9.1.    The following items are not permitted on the school site: caps, stink-bombs, lighters, cigarettes, skateboards, roller skates, laser pens, steel-capped boots and other non-uniform footwear, jewellery including facial piercings and junk food*.  This list is not exhaustive and the school maintains the right to confiscate any item that is considered dangerous, offensive, inappropriate and that compromises safety or that has been identified as banned.

9.2.    Junk food includes crisps, chocolate, sweets, pastries, fizzy drinks and juices, high sugar foods and all forms of fast food.  Students are only permitted to bring water, fizzy water and flavoured water to school.

9.3.    The following items are considered dangerous and are also banned: fireworks, illegal drugs, solvents, knives, blades, pointed items, alcohol, guns (including plastic toys or replicas).

9.4.    Students found in possession of ‘banned’ items will have them confiscated and may be excluded from school. In relation to dangerous items, it is likely the school will involve the Police. The school has the authority to ‘dispose’ of banned items.

10.    Malicious Accusations

10.1.    Where students are found to have made malicious accusations against a member of staff that are proved unfounded the school will exclude the student concerned. Dependent on the severity of the accusation and the distress caused, this exclusion may be permanent.

11.    Parents/Carers

11.1.    Parents/carers are expected to behave in an adult, mature and amicable fashion at all times when on the school site or in conversation with members of staff.
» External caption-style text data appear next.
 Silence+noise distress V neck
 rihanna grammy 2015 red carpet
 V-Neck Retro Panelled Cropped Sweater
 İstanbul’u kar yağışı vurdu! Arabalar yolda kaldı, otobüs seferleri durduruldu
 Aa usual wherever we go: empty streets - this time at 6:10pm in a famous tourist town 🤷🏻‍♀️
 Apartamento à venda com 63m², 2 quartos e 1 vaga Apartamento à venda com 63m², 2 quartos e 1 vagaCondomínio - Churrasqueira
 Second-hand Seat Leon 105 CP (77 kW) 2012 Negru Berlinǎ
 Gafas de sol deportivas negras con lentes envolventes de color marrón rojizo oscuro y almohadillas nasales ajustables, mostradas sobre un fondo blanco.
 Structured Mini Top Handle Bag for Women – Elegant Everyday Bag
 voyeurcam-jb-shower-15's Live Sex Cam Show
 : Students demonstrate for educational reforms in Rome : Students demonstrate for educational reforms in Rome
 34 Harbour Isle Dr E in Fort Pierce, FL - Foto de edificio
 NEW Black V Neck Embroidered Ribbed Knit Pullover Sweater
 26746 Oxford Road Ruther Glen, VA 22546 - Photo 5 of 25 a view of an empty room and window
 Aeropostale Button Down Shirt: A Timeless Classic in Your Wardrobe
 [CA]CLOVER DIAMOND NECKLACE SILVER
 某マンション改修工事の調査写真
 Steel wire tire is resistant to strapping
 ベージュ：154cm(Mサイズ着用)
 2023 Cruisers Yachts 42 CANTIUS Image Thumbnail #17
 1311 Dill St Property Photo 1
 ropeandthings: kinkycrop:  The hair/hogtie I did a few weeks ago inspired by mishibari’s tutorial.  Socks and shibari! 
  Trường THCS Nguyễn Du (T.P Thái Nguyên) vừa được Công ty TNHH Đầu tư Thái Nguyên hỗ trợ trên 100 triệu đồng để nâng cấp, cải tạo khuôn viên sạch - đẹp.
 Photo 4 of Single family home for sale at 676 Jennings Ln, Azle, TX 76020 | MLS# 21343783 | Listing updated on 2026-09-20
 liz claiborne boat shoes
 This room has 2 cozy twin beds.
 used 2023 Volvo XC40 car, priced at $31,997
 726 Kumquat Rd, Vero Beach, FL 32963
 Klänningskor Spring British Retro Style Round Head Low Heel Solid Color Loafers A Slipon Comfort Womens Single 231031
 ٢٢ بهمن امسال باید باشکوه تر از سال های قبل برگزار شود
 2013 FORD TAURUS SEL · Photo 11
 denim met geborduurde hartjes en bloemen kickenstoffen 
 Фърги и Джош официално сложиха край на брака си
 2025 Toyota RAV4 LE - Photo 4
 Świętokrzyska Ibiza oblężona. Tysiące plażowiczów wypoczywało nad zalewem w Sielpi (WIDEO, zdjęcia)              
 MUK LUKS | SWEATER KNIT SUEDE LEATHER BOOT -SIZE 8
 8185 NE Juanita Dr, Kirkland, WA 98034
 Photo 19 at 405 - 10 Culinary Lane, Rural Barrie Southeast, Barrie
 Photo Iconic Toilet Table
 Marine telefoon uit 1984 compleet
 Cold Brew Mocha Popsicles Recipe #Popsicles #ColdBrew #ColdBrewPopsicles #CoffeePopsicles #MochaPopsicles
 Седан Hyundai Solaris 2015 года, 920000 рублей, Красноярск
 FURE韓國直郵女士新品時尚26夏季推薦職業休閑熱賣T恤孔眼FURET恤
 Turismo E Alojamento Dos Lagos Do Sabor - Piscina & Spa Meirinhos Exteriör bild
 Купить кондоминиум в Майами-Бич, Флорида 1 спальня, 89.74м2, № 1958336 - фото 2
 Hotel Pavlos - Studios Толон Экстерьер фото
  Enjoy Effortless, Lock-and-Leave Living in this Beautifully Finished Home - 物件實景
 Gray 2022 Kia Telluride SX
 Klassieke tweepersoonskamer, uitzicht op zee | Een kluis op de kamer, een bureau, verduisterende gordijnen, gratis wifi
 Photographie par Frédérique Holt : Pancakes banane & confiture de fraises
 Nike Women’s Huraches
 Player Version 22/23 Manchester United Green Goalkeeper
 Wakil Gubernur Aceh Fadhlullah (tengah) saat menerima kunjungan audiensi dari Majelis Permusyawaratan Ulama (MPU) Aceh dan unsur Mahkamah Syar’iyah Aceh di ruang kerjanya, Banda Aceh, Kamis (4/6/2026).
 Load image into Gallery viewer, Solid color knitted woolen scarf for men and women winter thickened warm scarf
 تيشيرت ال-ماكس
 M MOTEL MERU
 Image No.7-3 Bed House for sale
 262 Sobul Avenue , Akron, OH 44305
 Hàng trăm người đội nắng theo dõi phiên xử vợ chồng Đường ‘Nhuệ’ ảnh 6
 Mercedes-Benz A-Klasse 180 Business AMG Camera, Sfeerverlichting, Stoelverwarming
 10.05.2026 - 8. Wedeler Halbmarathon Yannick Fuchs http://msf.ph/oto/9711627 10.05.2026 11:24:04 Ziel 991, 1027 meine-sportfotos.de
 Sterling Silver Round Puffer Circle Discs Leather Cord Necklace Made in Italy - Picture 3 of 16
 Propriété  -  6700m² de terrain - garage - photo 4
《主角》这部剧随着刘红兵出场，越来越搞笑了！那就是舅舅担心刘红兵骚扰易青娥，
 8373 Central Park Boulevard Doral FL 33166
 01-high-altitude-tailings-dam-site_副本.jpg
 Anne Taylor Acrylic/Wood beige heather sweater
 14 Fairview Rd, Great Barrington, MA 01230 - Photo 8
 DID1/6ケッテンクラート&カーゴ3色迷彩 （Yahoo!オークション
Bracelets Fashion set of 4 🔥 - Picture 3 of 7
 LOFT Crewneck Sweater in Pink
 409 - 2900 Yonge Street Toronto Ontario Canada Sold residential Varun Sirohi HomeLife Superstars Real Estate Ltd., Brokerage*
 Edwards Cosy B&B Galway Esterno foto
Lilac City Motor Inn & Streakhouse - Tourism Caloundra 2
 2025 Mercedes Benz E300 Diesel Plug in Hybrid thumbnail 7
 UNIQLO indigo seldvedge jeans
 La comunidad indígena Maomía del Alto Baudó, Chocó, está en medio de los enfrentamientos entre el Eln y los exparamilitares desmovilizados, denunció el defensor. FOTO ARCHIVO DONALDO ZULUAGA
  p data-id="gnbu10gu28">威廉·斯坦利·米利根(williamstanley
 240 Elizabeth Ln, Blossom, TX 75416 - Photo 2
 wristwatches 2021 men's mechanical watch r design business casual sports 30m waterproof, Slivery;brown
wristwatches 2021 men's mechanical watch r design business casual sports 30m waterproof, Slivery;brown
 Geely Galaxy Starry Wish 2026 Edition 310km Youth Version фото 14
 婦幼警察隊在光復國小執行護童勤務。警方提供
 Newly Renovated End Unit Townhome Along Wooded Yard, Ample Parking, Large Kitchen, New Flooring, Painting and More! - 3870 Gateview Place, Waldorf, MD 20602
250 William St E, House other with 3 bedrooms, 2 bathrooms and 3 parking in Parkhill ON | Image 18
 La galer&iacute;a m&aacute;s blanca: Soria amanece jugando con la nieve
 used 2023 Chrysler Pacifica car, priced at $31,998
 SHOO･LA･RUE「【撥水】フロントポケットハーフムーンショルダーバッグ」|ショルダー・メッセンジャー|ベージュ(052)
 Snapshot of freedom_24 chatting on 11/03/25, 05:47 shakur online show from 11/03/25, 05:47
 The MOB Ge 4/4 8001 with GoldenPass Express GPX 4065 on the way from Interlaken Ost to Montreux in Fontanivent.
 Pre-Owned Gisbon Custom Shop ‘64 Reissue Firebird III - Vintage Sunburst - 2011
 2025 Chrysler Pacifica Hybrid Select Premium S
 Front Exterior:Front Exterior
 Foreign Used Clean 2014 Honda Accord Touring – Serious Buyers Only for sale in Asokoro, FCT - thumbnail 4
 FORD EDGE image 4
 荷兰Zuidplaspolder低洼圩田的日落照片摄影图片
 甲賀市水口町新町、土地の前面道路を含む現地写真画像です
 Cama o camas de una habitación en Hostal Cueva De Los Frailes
11.2.    When a parent’s behaviour is giving on-going cause for concern for the governing body has the authority to ban the parent from site.

12.    Detentions

12.1.    Detentions are used as a sanction in response to punctuality, poor quality classwork, lack of or poor quality homework and behaviour concerns.

12.2.    Staff may issue ‘no notice’ detentions but are advised to give parents 24 hours written notice in the student planner, if a student is to be detained for a significant period of time after the school day, or on a Saturday. Parental consent is not required.